Poirier’s new composure gave him the confidence to sharp-shoot from the outside and when he has his man against the fence, he could come in with banging hooks to hurt Miller deeply.
It was the perfect marriage of sweet science and devastating aggression of the old Poirier. Now he could snipe you from afar but bludgeon you on the inside.
The Poirier Language
In his recent run, Poirier has finished Eddie Alvarez, Justin Gaethje, Anthony Pettis, and battered Max Holloway. All of these opponents are incredibly dangerous and skilled, but Poirier took them apart from the same way.
Against Alvarez, Poirier would sharp shoot and punish Eddie off his shoulder-roll whenever he overextended.
Poirier’s strange guard which we can now discuss does something unique for him. The extended lead arm is designed to block hooks that would come around a traditional double-forearm guard, and the raised rear-arm would cover any overhands. This would serve well, as Poirier could measure with the jab and raise the lead arm to block winging hooks, but also lean back to land his counter left straight.

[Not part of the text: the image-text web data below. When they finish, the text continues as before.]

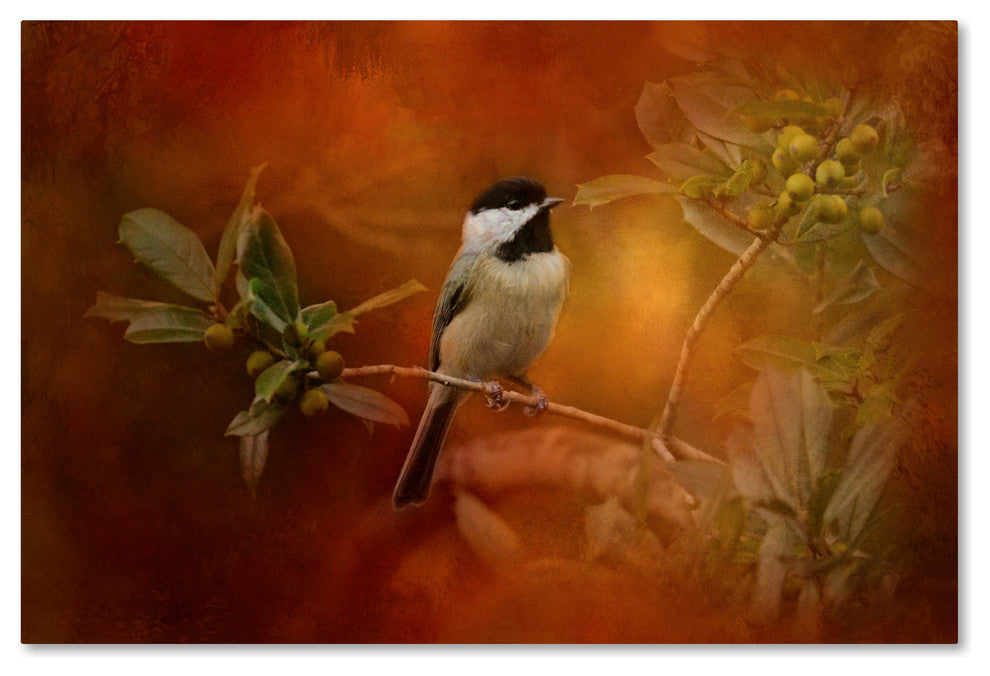 Jai Johnson 'Autumn Day Chickadee' Canvas Art, 47 x 30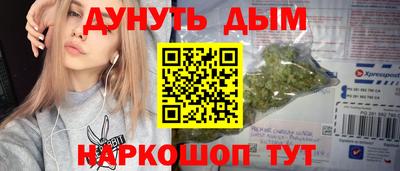 гашик Новозыбков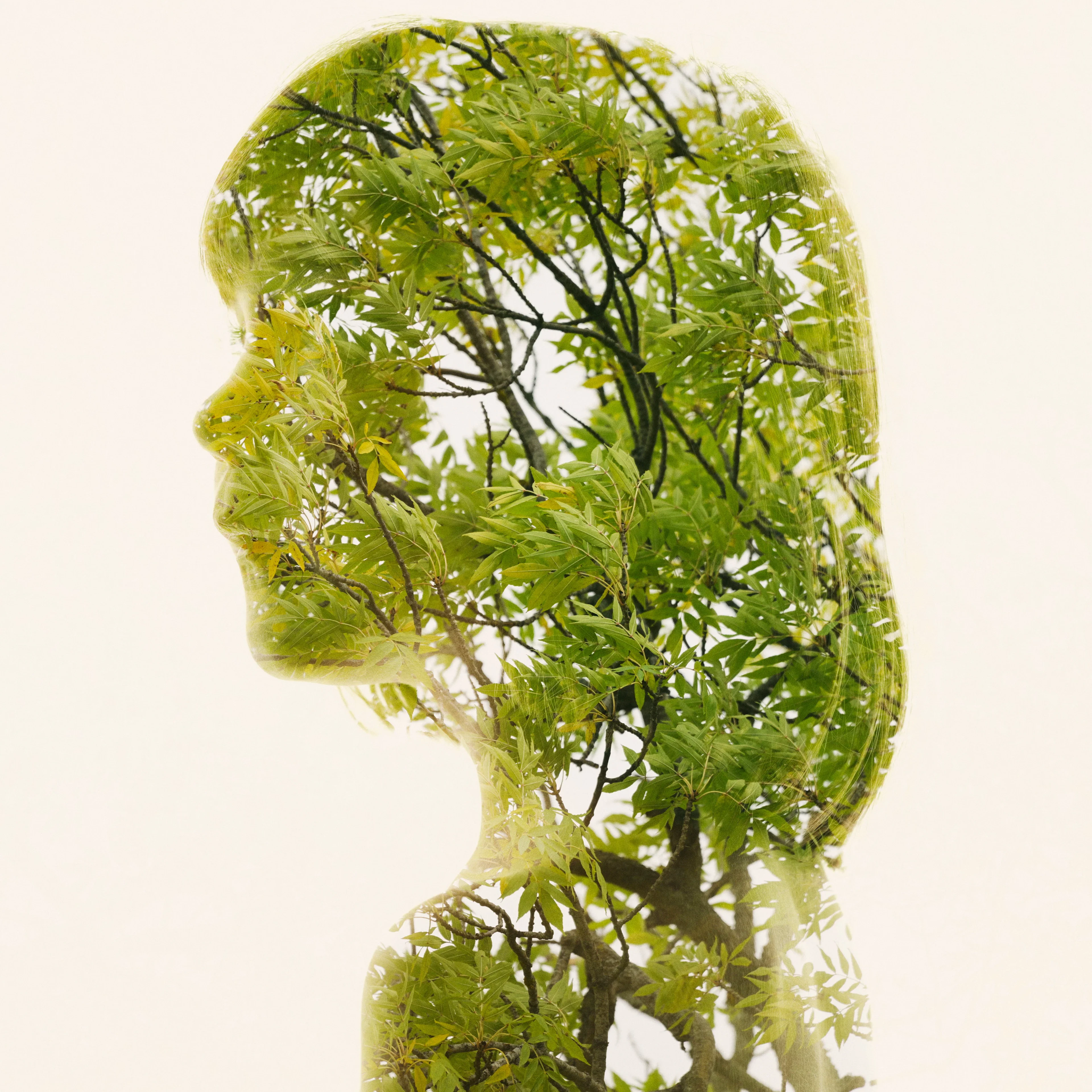 Christoffer Relander - Summer Green II S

Poirier now goes to his big winging hooks when he knows his man is hurt and against the fence, reducing the likelihood of him catching a big counter out open.
Poirier’s most measured fight would be against Gaethje in which he won the fight based on measured aggression. To start, Gaethje provides lots of pressure similar to Khabib, but instead of takedowns, it is low kicks and hard punching.

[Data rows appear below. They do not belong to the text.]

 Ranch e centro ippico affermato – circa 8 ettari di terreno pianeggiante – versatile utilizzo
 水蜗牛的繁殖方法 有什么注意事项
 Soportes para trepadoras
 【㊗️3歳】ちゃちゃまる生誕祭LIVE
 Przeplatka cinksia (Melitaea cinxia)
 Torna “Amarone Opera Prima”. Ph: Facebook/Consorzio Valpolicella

In this fight, Poirier showed off a lovely sense of distance and variety. No matter who the fighter, to stop a rushing fighter applying a jab will force them to slow down to move their head or at least take the punch. From their, Poirier was able to circle out with his guard up or attack when Gaethje threw a bad low kick.
For every single kick or punch Gaethje threw, Poirier would return in spades. This was a far departure from the old Poirier who would throw everything with power, now Poirier is more than willing to throw light shots to keep his man pinned down.
Poirier would go on to finish Gaethje after almost four rounds of war. It was a brutal, blood and guts fight that challenged Poirier to swing for the finish, but patience and persistence by sticking to his gameplan, he got the finish.
Hunting a Russian
I think Poirier has some tricks that could trouble Khabib deeply. To start, Poirier has tremendous patience in the pocket, similar to the Gaethje fight, expect Poirier to handle the pressure well. Working off the jab into plenty of body shots should keep Khabib at bay.
Another wrinkle in Poirier’s game is that his aggressive stance shifting can definitely trouble Khabib’s poor striking defense. Per example.
This fight is incredibly intriguing for both fighters. Poirier has yet to fight such a persistent wrestler like Khabib and Khabib has yet to fight a pocket boxer the size of Poirier. Still, after this fight, I believe we will learn so much from both fighters and we can make better predictions for their next fight.
I believe that Poirier has some of the correct tools to take advantage of Khabib’s bad habits, but at the same time I have yet to see Poirier fight someone like Khabib since featherweight. Regardless, I will be sitting at the edge of my seat come Saturday night, for a chance to see the Louisiana slugger fight again and study his style from A to Z.